In its latest staff report on Guyana, the IMF said that despite external and domestic shocks, the local economy demonstrated resilience and registered a fifth consecutive year of robust growth in 2010. Real Gross Domestic Product (GDP) expanded by around 3.4 per cent, slightly more than in 2009, supported by expansion in the gold and services sectors, which offset lower output in the sugar sector. End-of-year inflation rose to 4.4 per cent, from 3.7 per cent in 2009, reflecting higher food prices.
“Although the external current account deficit is estimated to have widened to 11.4 per cent of GDP, a steady inflow of public external financing and foreign direct investment was sufficient to finance the deficit and strengthen foreign reserves to the equivalent of five months of imports,” the IMF said.
In 2010, the overall fiscal balance is estimated to have weakened by close to one percentage point of GDP, to 4.3 per cent of GDP, due to weak performance in public enterprises, not fully offset by a decline in investment and despite strong central government revenues. According to the IMF, public debt was broadly unchanged, at 61 per cent of GDP.
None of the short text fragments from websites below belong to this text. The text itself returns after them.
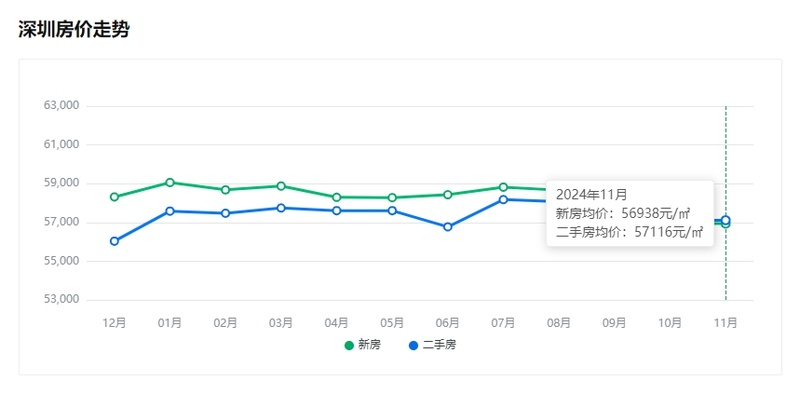 深圳龙岗房价2024最新价格，深圳龙岗新楼盘2024年开盘!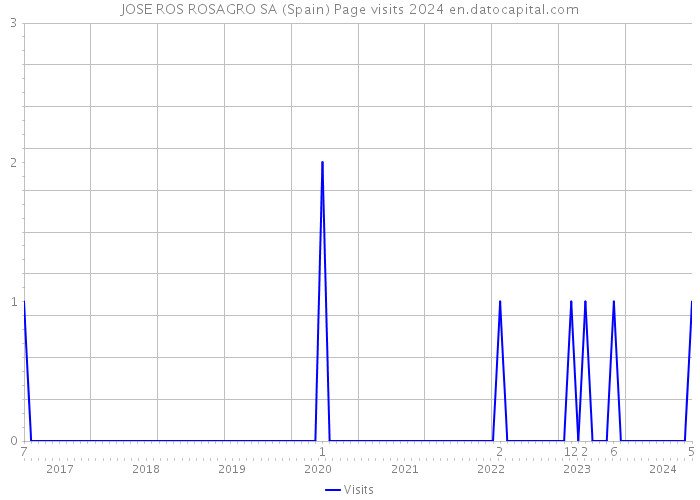 JOSE ROS ROSAGRO SA (Spain) Page visits 2024 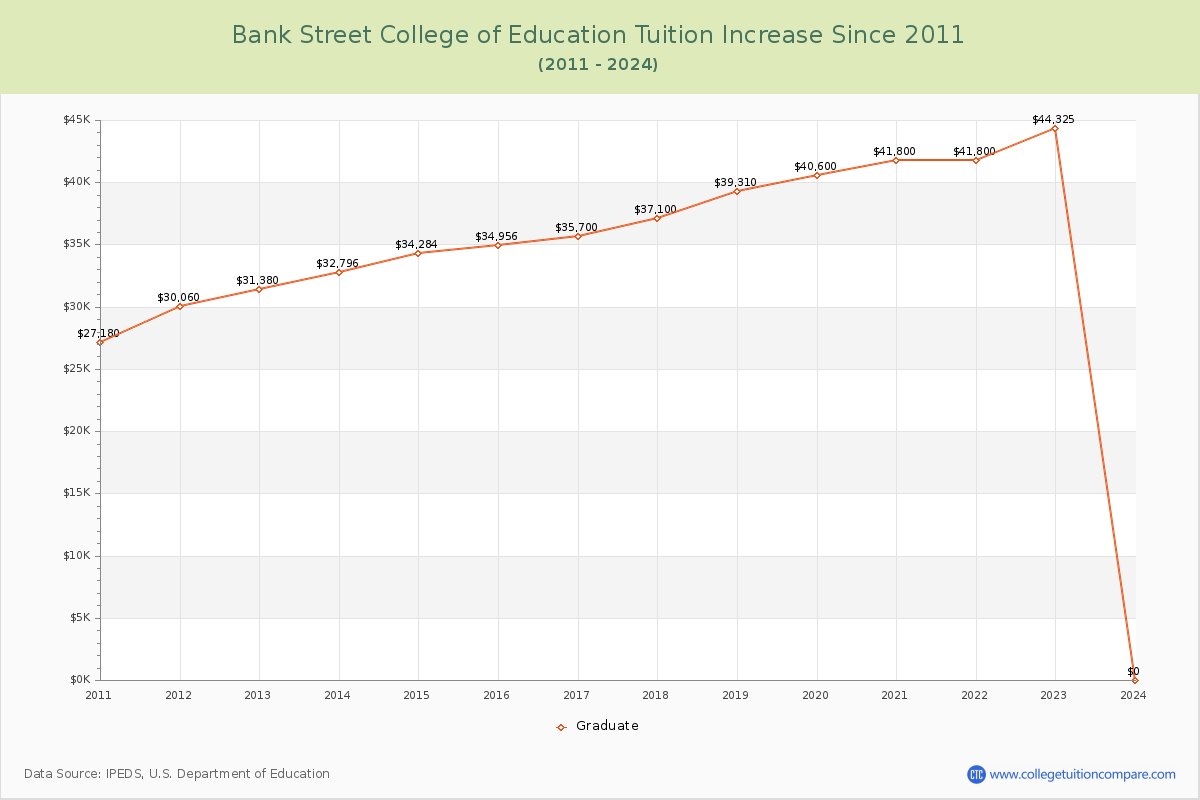 Bank Street College of Education Tuition & Fees Changes Chart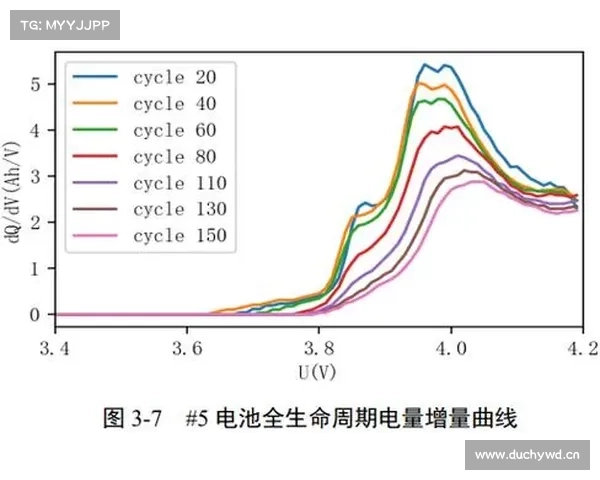 中国科学家开发新型准固态复合材料延长电池寿命15倍 中国科学家开发新型准固态复合材料延长电池寿命15倍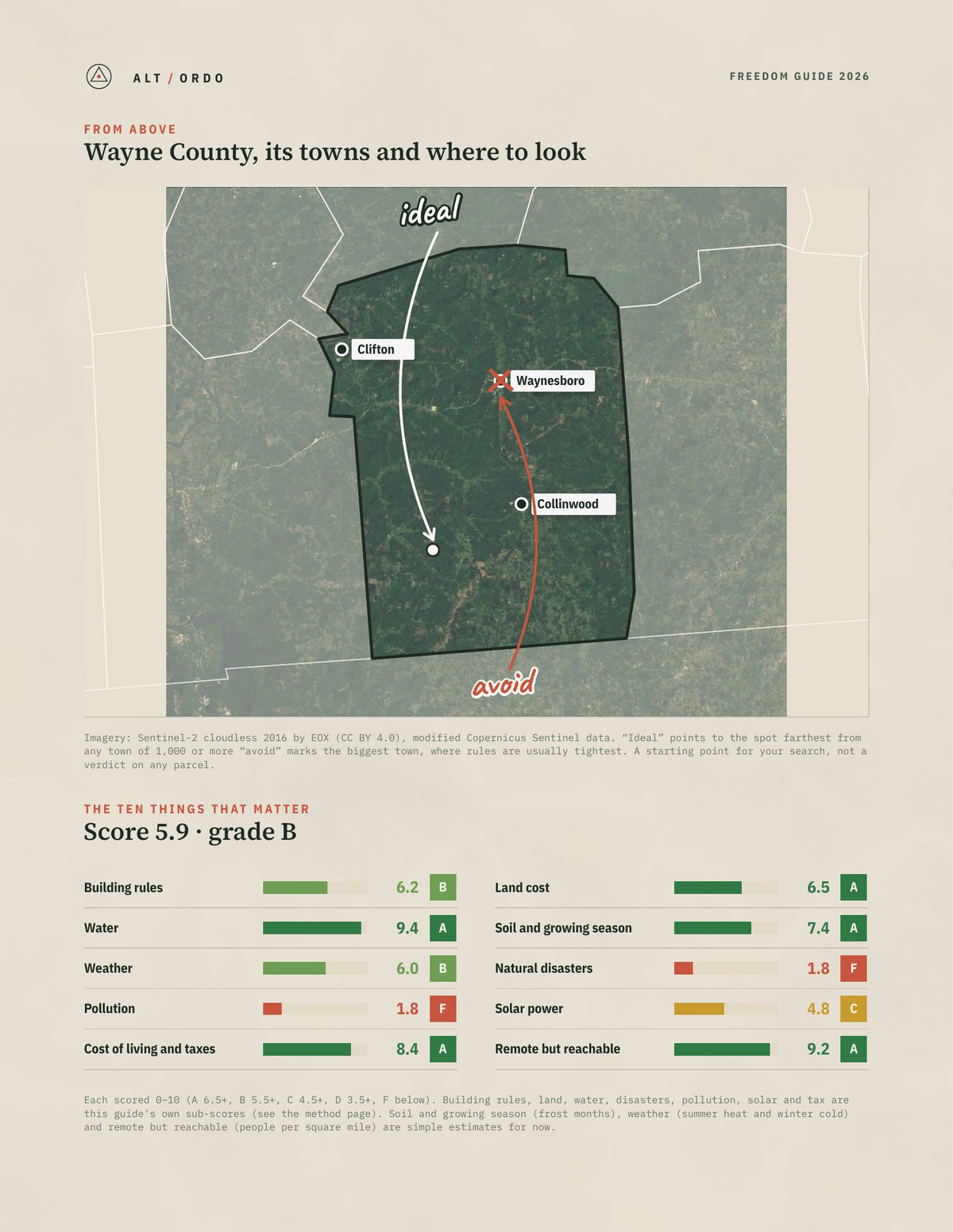 Wayne County, Tennessee Off-Grid Guide 2026 from above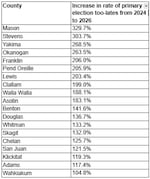 More Washington state mail-in ballots were disqualified as “late” in the August primary election than in prior elections.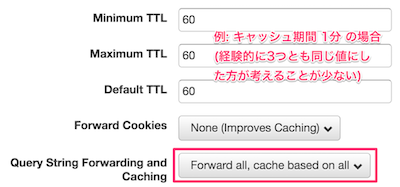 AWS Lambda@Edge で画像をリアルタイムにリサイズ＆WebP形式へ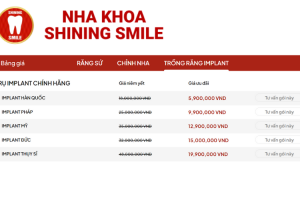 Trồng Răng Giả Cố Định Giá Bao Nhiêu? Bảng Giá Chi Tiết Không Thể Bỏ Qua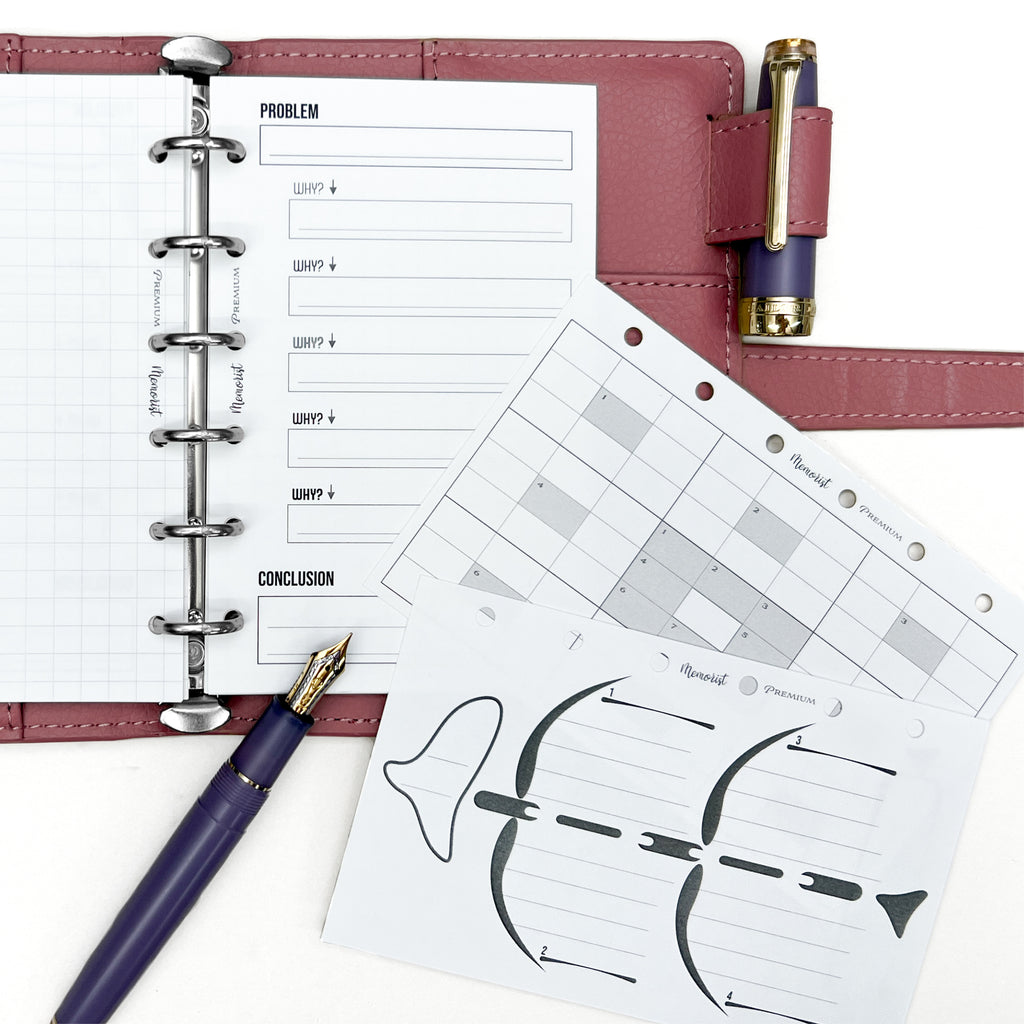 Premium Refill Thinking Trio (Pocket Size)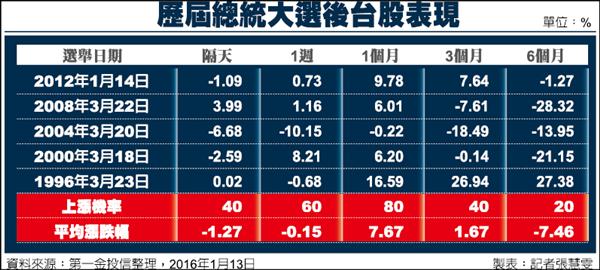 台股選後開盤 看全球股匯臉色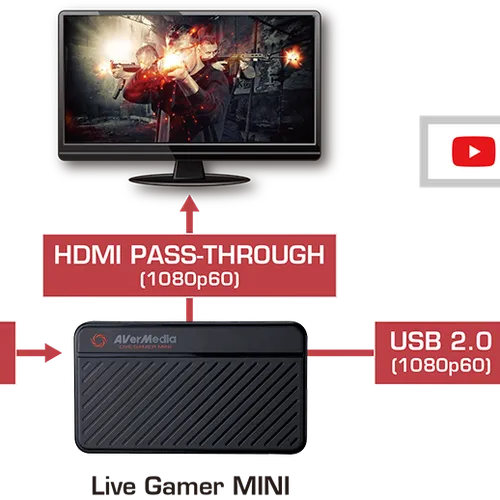 Card gắn ngoài live stream Avermedia GC311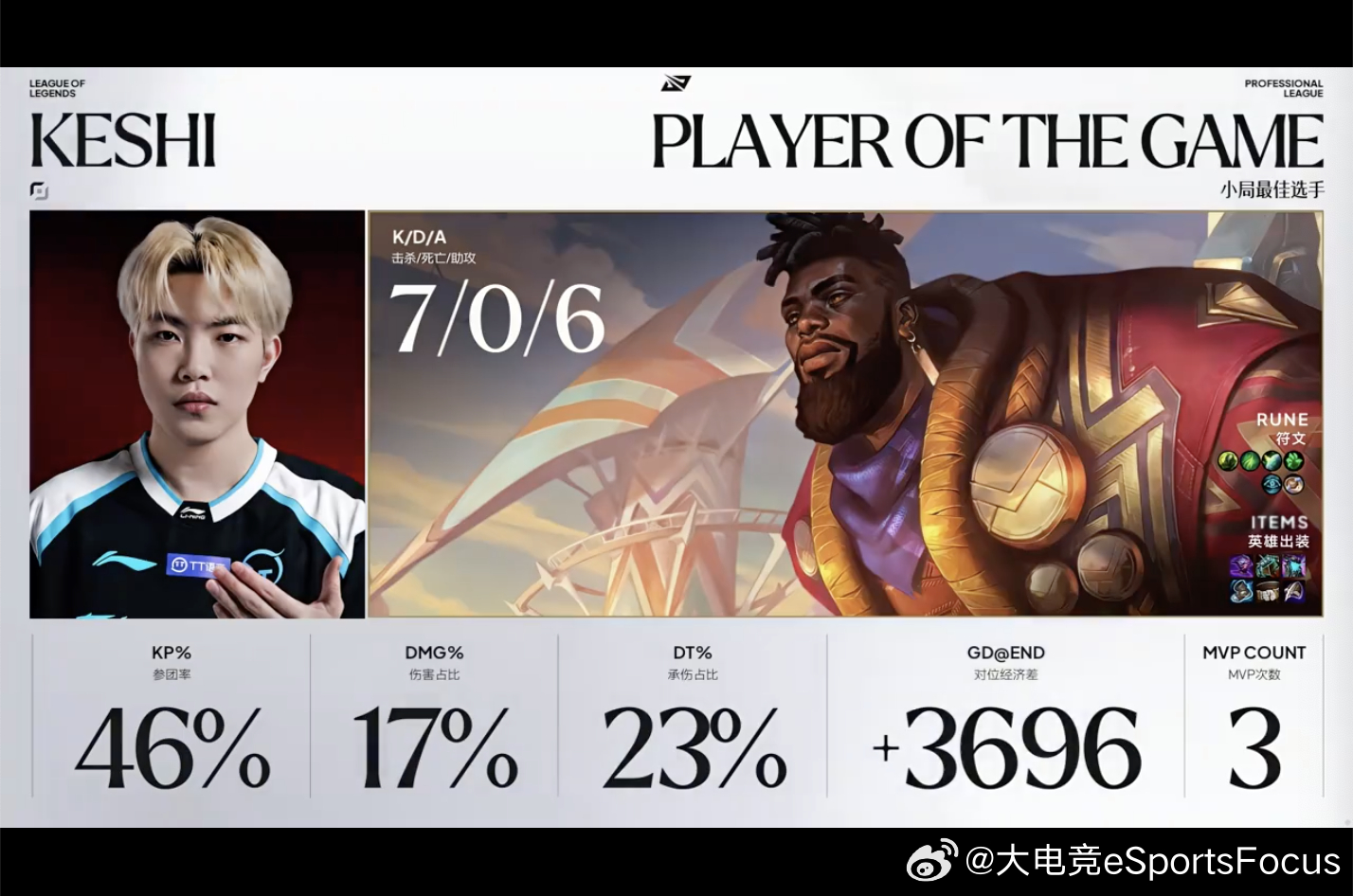 【2026LPL第三赛段组内赛 TT 1-0 WE】本场MVP给到KeshiTT
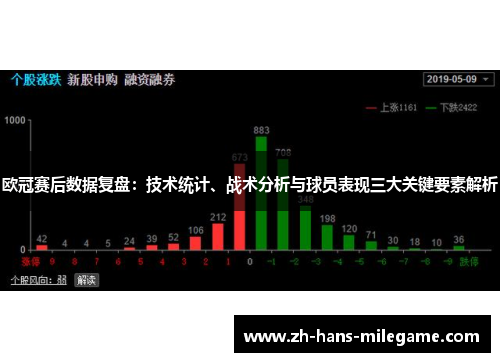 欧冠赛后数据复盘：技术统计、战术分析与球员表现三大关键要素解析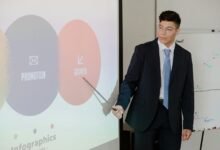 business expansion digital growth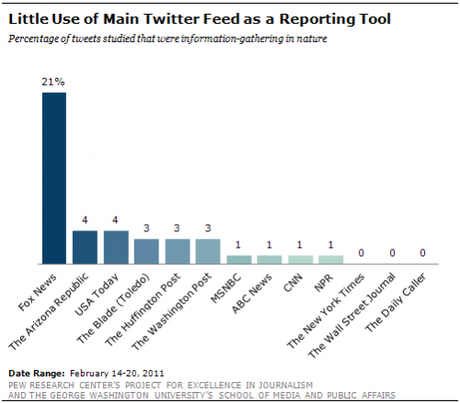 Come i Quotidiani Online AbUsano Twitter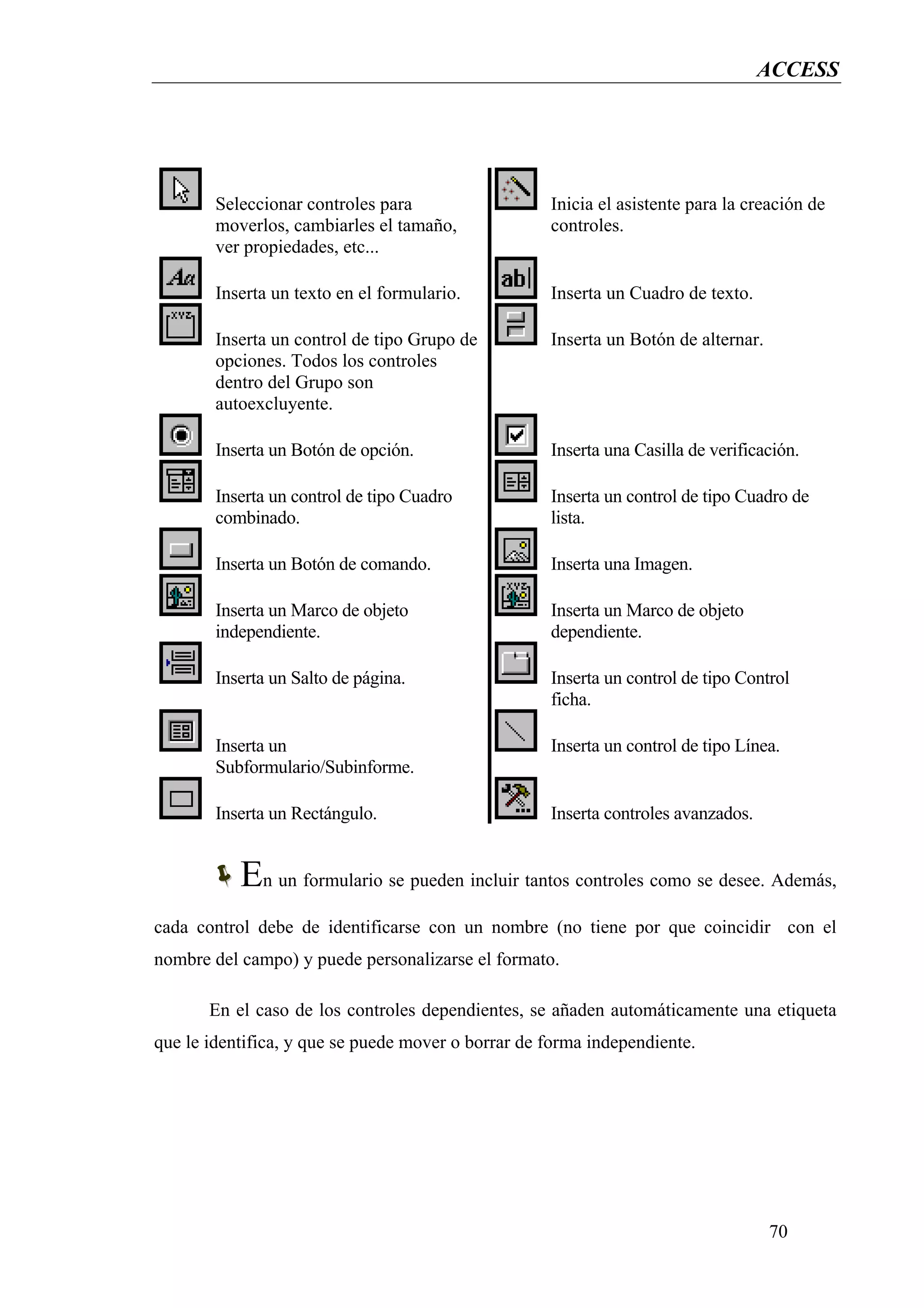 ACCESS




        Seleccionar controles para                  Inicia el asistente para la creación de
        moverlos, cambiarles el tamaño,             controles.
        ver propiedades, etc...

        Inserta un texto en el formulario.          Inserta un Cuadro de texto.

        Inserta un control de tipo Grupo de         Inserta un Botón de alternar.
        opciones. Todos los controles
        dentro del Grupo son
        autoexcluyente.

        Inserta un Botón de opción.                 Inserta una Casilla de verificación.

        Inserta un control de tipo Cuadro           Inserta un control de tipo Cuadro de
        combinado.                                  lista.

        Inserta un Botón de comando.                Inserta una Imagen.

        Inserta un Marco de objeto                  Inserta un Marco de objeto
        independiente.                              dependiente.

        Inserta un Salto de página.                 Inserta un control de tipo Control
                                                    ficha.

        Inserta un                                  Inserta un control de tipo Línea.
        Subformulario/Subinforme.

        Inserta un Rectángulo.                      Inserta controles avanzados.


           En un formulario se pueden incluir tantos controles como se desee. Además,
cada control debe de identificarse con un nombre (no tiene por que coincidir con el
nombre del campo) y puede personalizarse el formato.

       En el caso de los controles dependientes, se añaden automáticamente una etiqueta
que le identifica, y que se puede mover o borrar de forma independiente.




                                                                                    70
Meanwhile, bank prudential indicators have remained stable, with banks generally liquid and well capitalised. In September 2010, the authorities started making payouts to Colonial Life Insurance Company (Clico) policy holders, in line with their plans to minimise fiscal costs. During 2010, structural reforms focused on improving the policy framework and supporting long- term growth. In the area of fiscal policy, efforts to improve the Guyana Revenue Authority (GRA) continued. Its new functional organisation was consolidated, improving further the integrated tax information system (TRIPS), the profiling of taxpayers, and on- site inspections at the country’s ports of entry.
Long- term growth
In support of long- term growth, the authorities continued their modernisation plans in the sugar industry, with the reorientation of cane fields to accommodate mechanisation. In the financial sector, the authorities passed the Credit Bureau Act, and widened the regulatory perimeter by bringing the New Building Society under the jurisdiction of the Bank of Guyana.
In the meantime, the directors of the IMF board also commended the authorities for macroeconomic policies that have supported resilience in the face of external and domestic shocks. They noted that the development of forestry-based environmental services, private sector plans for the exploitation of Guyana’s natural resources, and large infrastructure investments are supporting Guyana’s medium-term growth prospects. Directors said they welcomed the authorities’ continued commitment to fiscal prudence, and recommended contingency measures to mitigate risks from volatile grant disbursements. In this regard, a few directors called on the donor community to fulfill its development assistance commitments.
Directors noted that further strengthening the fiscal position calls for far-reaching reforms in the National Insurance Scheme and key public enterprises. They also encouraged the authorities to monitor carefully the fiscal risks associated with the construction of a large hydropower plant, advising the adoption of international best practices for public/ private partnerships.
Directors agreed that Guyana’s exchange rate regime has served the country well; but going forward, some directors supported a gradual approach towards greater exchange rate flexibility, while others considered the current policy to be appropriate.